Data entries
• • • •

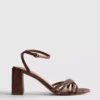 Sandaler med remme og rhinestone-højhælede sko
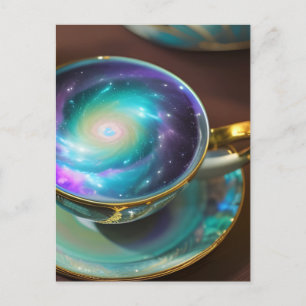 Postal El té lleno de galaxia
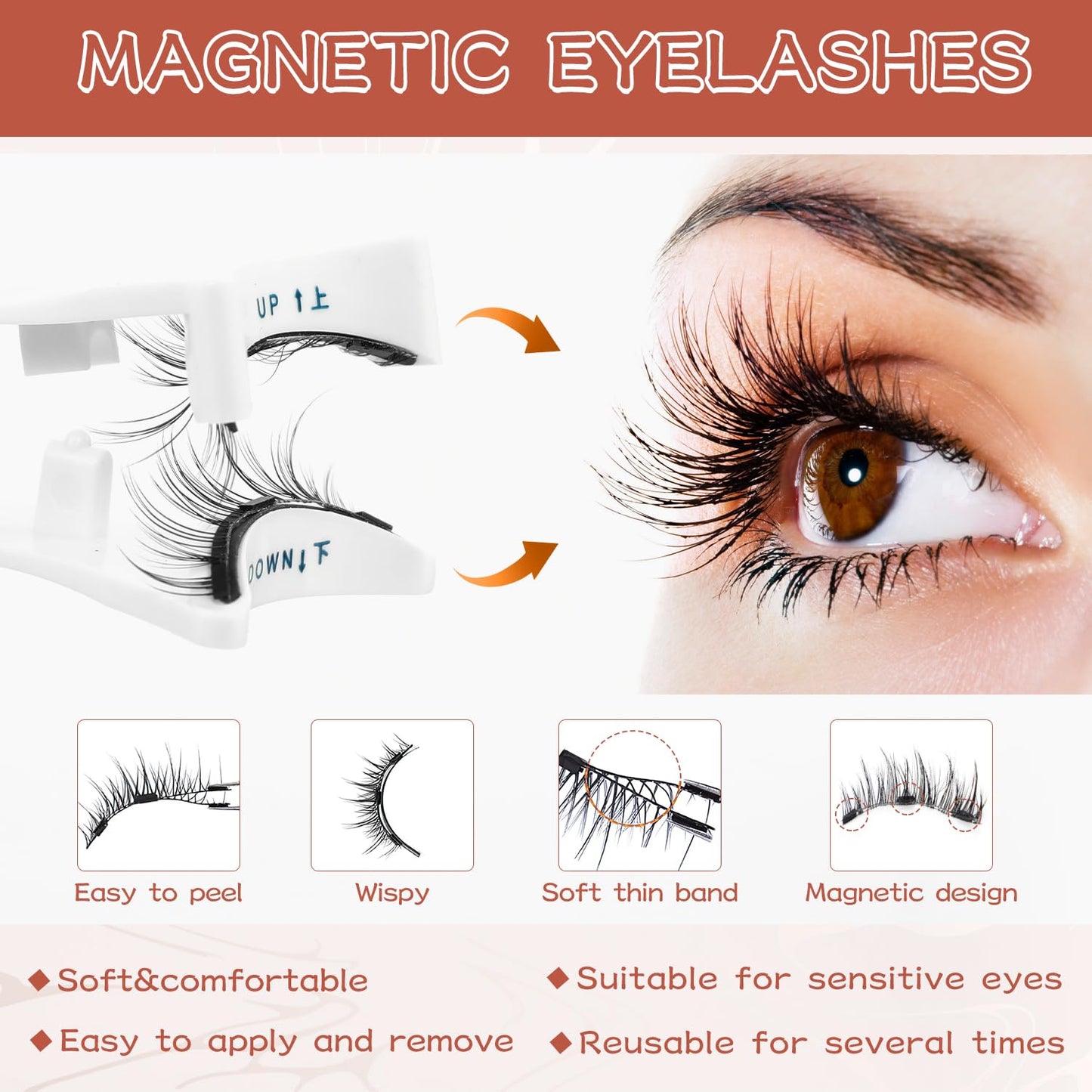 Magnetic Eyelashes,Magnetic Eyelashes with Applicator,Reusable Magnetic Lashes No Glue Needed Magnetic Eyelashes without Eyeliner Cat Eye Natural Look Magnetic Eyelashes Magnetic Lashes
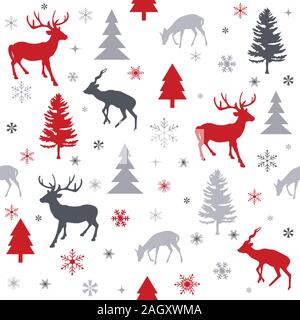 Weihnachten Hirsch mit Baum Muster Hintergrund Vektor Bild Stock Vektor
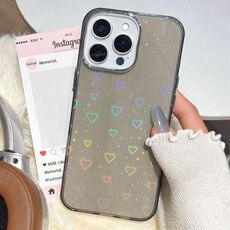 Per iPhone 14 Pro 3D Heart IMD Hybrid TPU Custodia per telefono (nero)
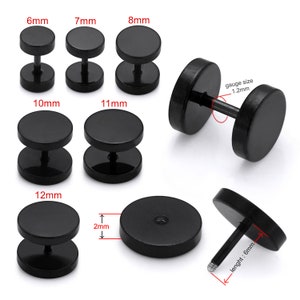 Fake Black Ear Plug Sold As Single Piece Fake Ear Gauge Cheater Plug 16 Gauge Earrings 6mm to 12mm Diameter Price for 1 Piece image 2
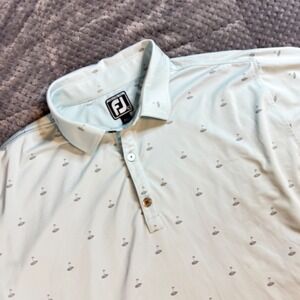 FootJoy Athletic Fit Golf Polo Shirt Mens XL Mint Green Golf Flag Print 0439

• • • •

--- Task to carry out ---
Using the entries above, reproduce word for word only the lines from the one that contains "Magnetic Eyelashes,Magnetic Eyelashes" to the one that contains "Per iPhone 14", both ends included, and drop every picture.

--- Response area ---
 Magnetic Eyelashes,Magnetic Eyelashes with Applicator,Reusable Magnetic Lashes No Glue Needed Magnetic Eyelashes without Eyeliner Cat Eye Natural Look Magnetic Eyelashes Magnetic Lashes
 Weihnachten Hirsch mit Baum Muster Hintergrund Vektor Bild Stock Vektor
 Per iPhone 14 Pro 3D Heart IMD Hybrid TPU Custodia per telefono (nero)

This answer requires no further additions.